Este raciocínio de querer nivelar a exclusão racial com outras minorias é falacioso, porquanto não encontra sustentação na realidade.  Há uma dívida social, de vários séculos, da sociedade, com relação aos afrodescendentes. Durante séculos de escravidão foram tratados, não como seres humanos mas como animais.  Faziam parte do patrimônio do senhor, junto a mulas, porcos e vacas. Foram “domesticados” na chibata e no tronco. Isso com a anuência da “Santa Igreja Católica”, que dava suporte teológico para tais bestialidades.

É sobre o pagamento desta dívida que estamos falando, quando falamos de cotas. Uma dívida que insiste em se perpetuar a cada gesto de preconceito, a cada barreira de inclusão que se constrói cotidianamente em nossa sociedade. Porém a mais grave crueldade é a sua negação, por razões ideológicas, ignorância ou pura maldade humana – como tentam fazer algumas correntes neonazistas, negando o holocausto. Negar a existência de exclusão social por conta da raça no Brasil é fortalecer este muro, tornando-o indestrutível. Um muro construído da mais ignominiosa crueldade humana: a escravidão.

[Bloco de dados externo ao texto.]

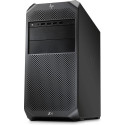 HP Z4 G4 DDR4-SDRAM W-2235 Tower Intel Xeon W 32 GB 512 GB SSD Windows 10 Pro Workstation Black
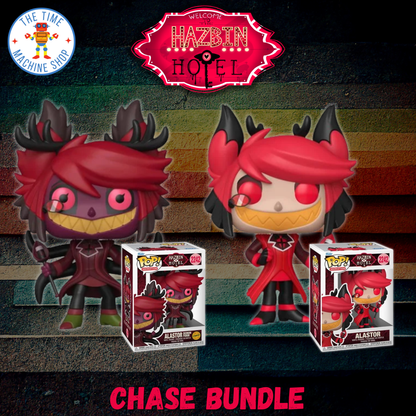 Hazbin Hotel Alastor Funko Pop! Vinyl Figure #2242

Entender, identificar e atuar sobre as raízes da exclusão racial, assim como as da pobreza e da fome crônica que atingem vários setores da sociedade, não é um ato de separação social, nem tão pouco é tarefa de apenas alguns setores mais engajados. É um desafio da nação. Numa sociedade em regime de democracia plena, o reconhecimento e a valorização de sua diversidade cultural, racial e de outras diferenças que constituem o ser humano, é fator de fortalecimento, posto que há aí evidente prática da tolerância – que constitui a essência da dinâmica democrática.